How Joan Didion Became Joan Didion, by Michelle Dean for Buzzfeed Reader, April 2018
Cannot get enough, love Michelle Dean, wanna read this book.
The Disturbing Secret Behind An Iconic Cartoon: Underage Sexual Abuse, by Ariane Lange for Buzzfeed
It is so weird how company culture can be so ingrained into the lifeblood of a company that nobody says or does anything about their boss, a man in his early 40s, having a 16-year-old girlfriend? This is about the Ren & Stimpy guy.
The Body That Ages, by chelsea g. summers for Unruly Bodies, April 2018
I am only 36 but relate to this very intensely.
Despite more inclusive role models, despite increasing financial power, despite better careers, and despite the freedom to reject matrimony, women remain pretty freaking scared about aging in general and looking older in specific.
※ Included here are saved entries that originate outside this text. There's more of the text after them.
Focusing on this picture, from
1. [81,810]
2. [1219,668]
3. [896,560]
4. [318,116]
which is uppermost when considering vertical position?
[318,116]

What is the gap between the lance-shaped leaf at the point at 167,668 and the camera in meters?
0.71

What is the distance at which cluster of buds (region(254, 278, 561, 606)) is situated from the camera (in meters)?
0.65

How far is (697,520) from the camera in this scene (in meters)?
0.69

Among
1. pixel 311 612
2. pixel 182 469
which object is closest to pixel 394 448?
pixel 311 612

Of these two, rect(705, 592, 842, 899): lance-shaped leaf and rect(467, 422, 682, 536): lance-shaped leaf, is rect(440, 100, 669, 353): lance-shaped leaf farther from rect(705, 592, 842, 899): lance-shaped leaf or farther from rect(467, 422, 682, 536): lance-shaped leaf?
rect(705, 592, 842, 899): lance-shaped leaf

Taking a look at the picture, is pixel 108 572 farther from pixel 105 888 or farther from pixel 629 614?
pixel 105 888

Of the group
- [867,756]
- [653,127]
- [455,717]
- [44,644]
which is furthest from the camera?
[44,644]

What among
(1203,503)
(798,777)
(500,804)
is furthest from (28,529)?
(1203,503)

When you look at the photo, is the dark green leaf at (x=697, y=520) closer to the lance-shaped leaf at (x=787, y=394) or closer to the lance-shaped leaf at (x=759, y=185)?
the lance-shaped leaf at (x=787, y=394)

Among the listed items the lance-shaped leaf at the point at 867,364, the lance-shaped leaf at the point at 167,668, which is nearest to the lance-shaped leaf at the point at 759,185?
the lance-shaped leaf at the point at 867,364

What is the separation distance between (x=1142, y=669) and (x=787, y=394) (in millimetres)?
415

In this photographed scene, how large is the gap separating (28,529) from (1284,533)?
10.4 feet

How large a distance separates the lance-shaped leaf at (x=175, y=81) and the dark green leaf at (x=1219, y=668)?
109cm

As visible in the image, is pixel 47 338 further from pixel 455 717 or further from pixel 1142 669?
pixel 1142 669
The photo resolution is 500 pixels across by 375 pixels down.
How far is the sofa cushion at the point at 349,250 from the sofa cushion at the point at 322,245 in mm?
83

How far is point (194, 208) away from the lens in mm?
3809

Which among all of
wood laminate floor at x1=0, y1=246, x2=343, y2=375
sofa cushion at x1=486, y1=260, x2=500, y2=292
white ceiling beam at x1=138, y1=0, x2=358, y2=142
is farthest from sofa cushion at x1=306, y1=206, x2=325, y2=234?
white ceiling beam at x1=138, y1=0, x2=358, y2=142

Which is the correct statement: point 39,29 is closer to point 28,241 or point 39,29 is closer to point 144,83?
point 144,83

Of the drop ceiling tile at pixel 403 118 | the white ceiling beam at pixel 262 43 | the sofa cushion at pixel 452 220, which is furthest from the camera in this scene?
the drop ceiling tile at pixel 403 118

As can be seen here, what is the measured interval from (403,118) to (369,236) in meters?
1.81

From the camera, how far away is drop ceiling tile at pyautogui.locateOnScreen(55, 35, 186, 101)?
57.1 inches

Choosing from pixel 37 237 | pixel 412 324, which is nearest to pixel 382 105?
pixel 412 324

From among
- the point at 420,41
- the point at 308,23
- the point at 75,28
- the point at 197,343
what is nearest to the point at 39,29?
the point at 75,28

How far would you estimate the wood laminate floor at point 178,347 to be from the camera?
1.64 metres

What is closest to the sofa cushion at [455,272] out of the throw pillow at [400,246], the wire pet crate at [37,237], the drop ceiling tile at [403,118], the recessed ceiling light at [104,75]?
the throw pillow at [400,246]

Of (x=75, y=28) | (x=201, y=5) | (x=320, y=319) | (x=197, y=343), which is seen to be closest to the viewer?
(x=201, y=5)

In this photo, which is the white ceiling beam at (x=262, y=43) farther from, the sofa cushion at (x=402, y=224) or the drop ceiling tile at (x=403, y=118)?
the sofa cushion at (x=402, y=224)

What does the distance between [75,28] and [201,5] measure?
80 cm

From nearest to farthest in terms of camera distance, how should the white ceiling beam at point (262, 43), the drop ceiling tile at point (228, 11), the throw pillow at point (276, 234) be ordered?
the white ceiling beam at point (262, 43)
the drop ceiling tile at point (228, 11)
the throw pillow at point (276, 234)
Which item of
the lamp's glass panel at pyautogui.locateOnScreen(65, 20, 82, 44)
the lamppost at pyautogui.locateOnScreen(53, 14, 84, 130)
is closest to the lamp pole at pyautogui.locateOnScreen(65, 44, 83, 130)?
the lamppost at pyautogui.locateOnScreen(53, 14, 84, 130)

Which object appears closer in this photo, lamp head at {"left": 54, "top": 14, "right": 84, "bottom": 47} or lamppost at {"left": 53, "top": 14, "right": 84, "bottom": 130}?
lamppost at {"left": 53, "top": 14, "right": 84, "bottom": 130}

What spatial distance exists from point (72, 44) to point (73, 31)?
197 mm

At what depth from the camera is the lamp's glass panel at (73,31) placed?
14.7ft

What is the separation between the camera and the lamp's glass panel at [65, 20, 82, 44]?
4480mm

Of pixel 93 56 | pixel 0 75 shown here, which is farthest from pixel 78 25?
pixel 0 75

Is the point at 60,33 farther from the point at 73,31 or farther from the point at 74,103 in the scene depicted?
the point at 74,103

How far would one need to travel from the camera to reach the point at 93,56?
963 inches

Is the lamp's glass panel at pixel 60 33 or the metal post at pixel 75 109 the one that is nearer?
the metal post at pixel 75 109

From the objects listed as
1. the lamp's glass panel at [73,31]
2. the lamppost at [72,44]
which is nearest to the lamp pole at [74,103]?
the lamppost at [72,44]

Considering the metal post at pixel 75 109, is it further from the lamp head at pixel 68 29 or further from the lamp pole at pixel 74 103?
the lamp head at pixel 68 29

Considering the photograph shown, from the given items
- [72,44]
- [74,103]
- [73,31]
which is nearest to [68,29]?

Indeed, young women’s anxiety may stem from the fact that they’re more financially self-reliant and career-focused than ever before. As I interviewed women for this story, I asked them what they thought women feared about looking old. Lydia Berry said it was dying — a simple “signal for the end of life.” Sonora Grant said it was women’s past catching up with them; in turning to skincare, they want to “turn the clock back.” But Claudia Cho, Enid, and Kate Black each said it came down to one thing: losing their pretty privilege.
Midwestern Gothic, by Barrett Swanson for The Believer, February/March 2018
Murder, conspiracy theories, the midwest, etc. This one’s for you, Rachel!
Growing up in the Midwest, you end up cultivating an eerie premonition, an awareness that the wholesome landscape—the polychromatic farmland and serrated bluffs—belies the region’s more unsettling history: failed utopias, tent-meeting revivals, asylums for feebleminded children. If the Smiley Face theory failed to strike me as ridiculous, it was because Wisconsin offers a whole catalog of creepy occurrences and lurid killings—from the cannibal Jeffrey Dahmer, who stored the bodies of his victims in his refrigerator, to the two teenage girls from Waukesha who paid homage to their demonic overlord, the Slender Man, by knifing their friend to near-death on the outskirts of a prairie. Through the scrim of these horrors, it didn’t seem impossible to me that an A-team of psychopaths had conspired to drown college-aged boys throughout the region.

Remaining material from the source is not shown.